Could you retype every line below exactly, omitting the images?

» Entries supplied
────────────────────
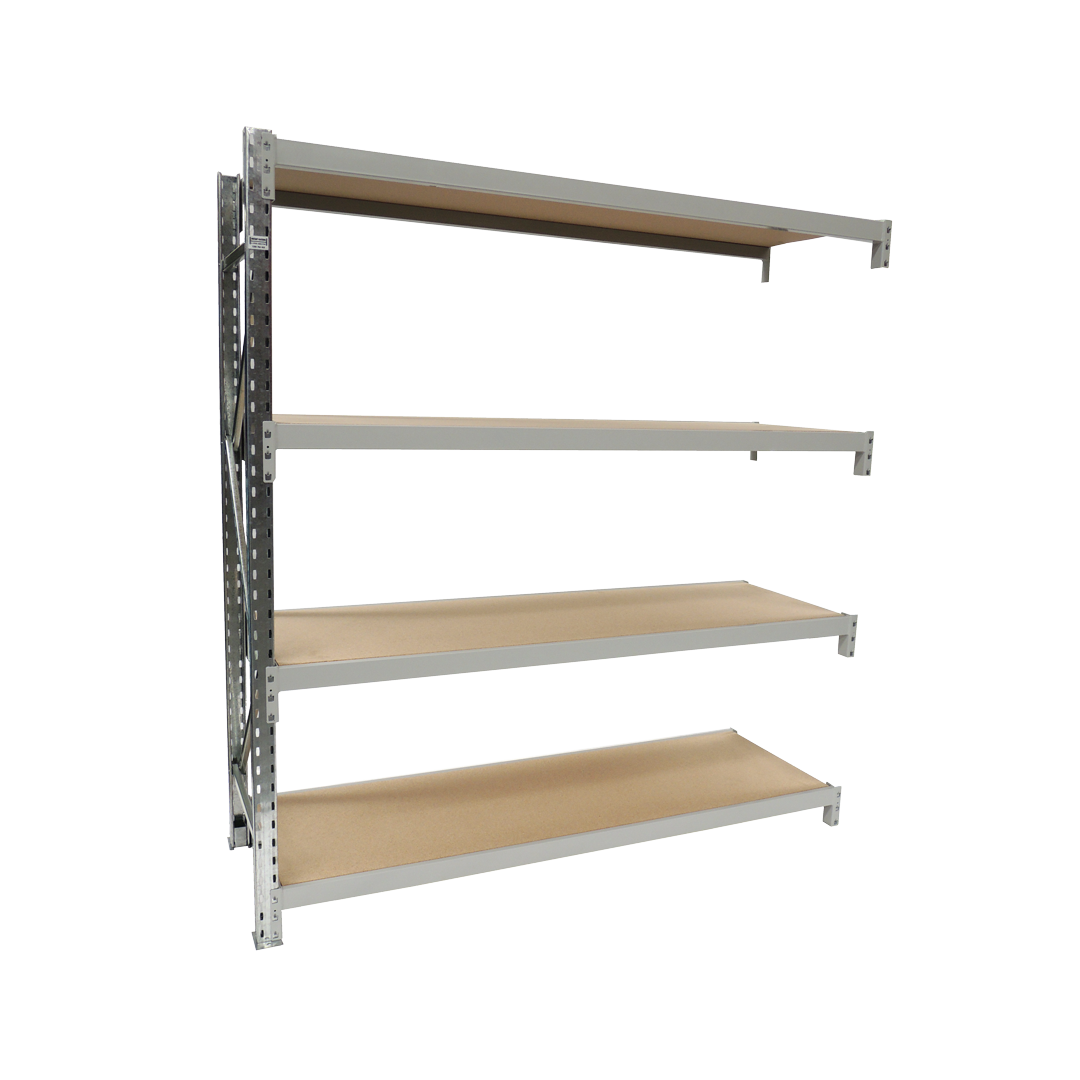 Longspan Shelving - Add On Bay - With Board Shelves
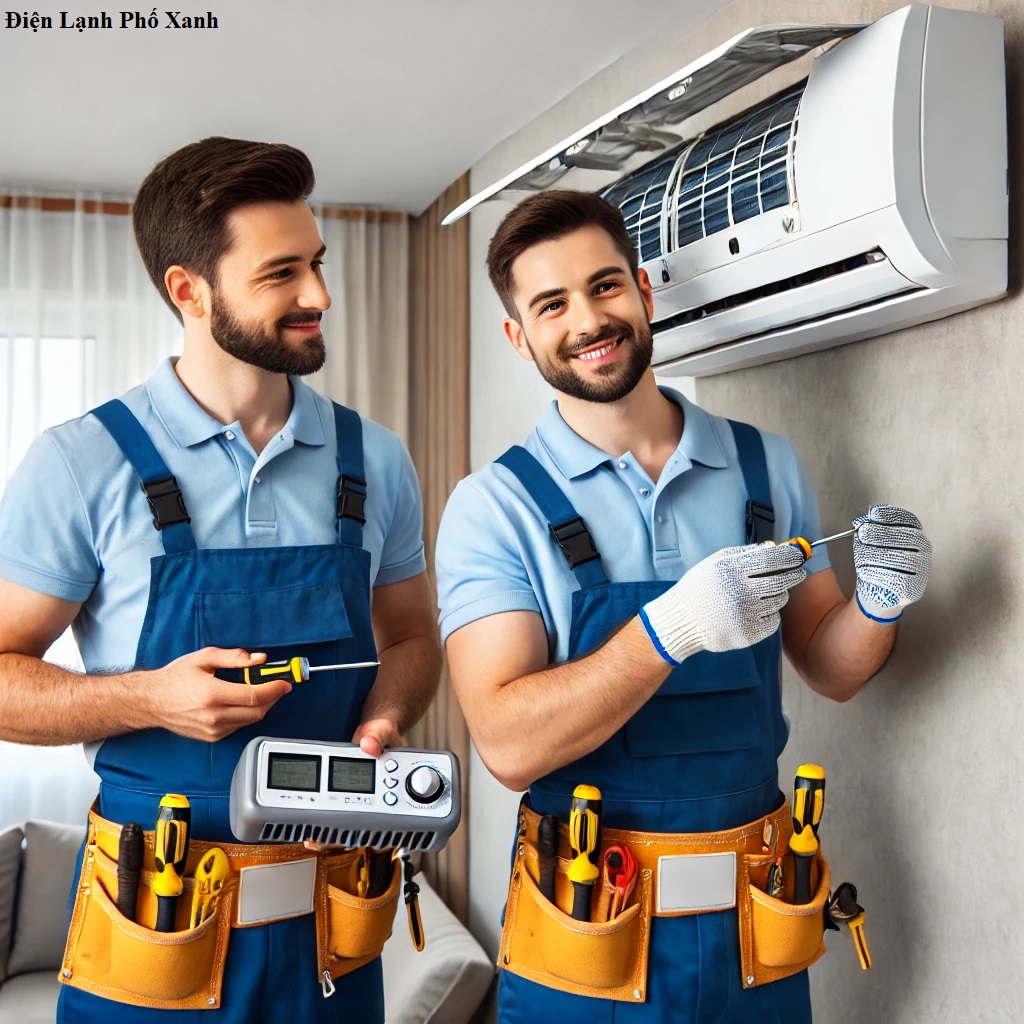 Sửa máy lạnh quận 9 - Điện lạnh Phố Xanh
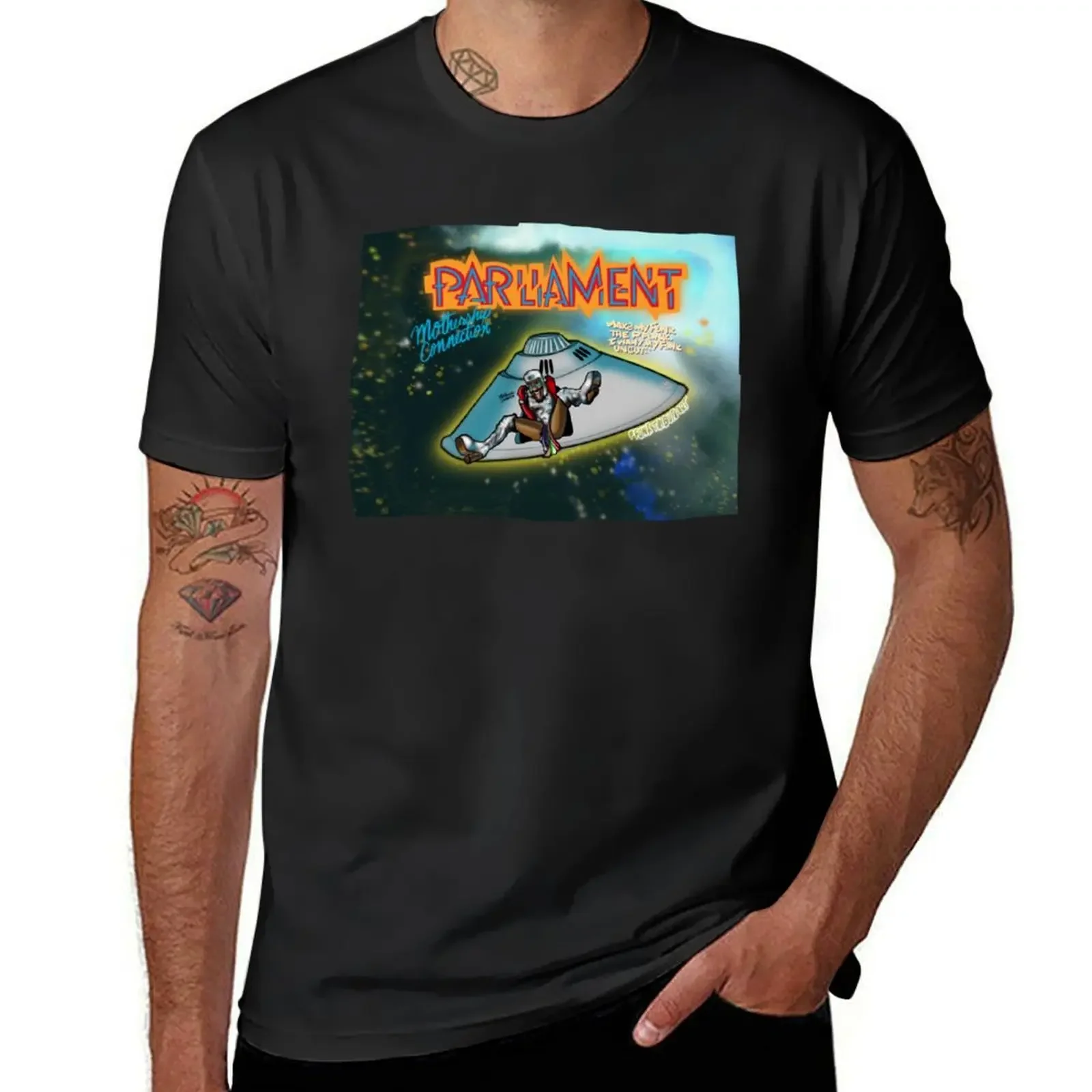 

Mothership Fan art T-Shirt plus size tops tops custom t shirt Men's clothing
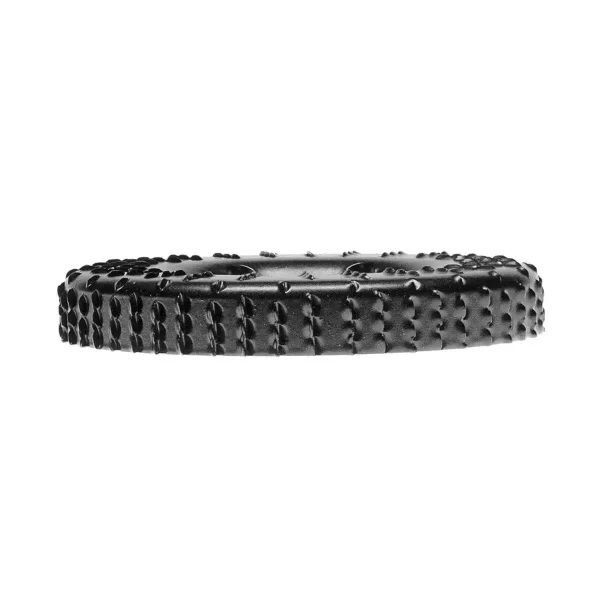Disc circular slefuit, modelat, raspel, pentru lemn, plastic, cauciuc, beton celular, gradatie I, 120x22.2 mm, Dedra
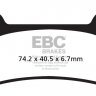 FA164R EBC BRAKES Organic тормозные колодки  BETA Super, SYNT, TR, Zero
────────────────────
» Task answer
 Longspan Shelving - Add On Bay - With Board Shelves
 Sửa máy lạnh quận 9 - Điện lạnh Phố Xanh

Mothership Fan art T-Shirt plus size tops tops custom t shirt Men's clothing
Disc circular slefuit, modelat, raspel, pentru lemn, plastic, cauciuc, beton celular, gradatie I, 120x22.2 mm, Dedra
 FA164R EBC BRAKES Organic тормозные колодки  BETA Super, SYNT, TR, Zero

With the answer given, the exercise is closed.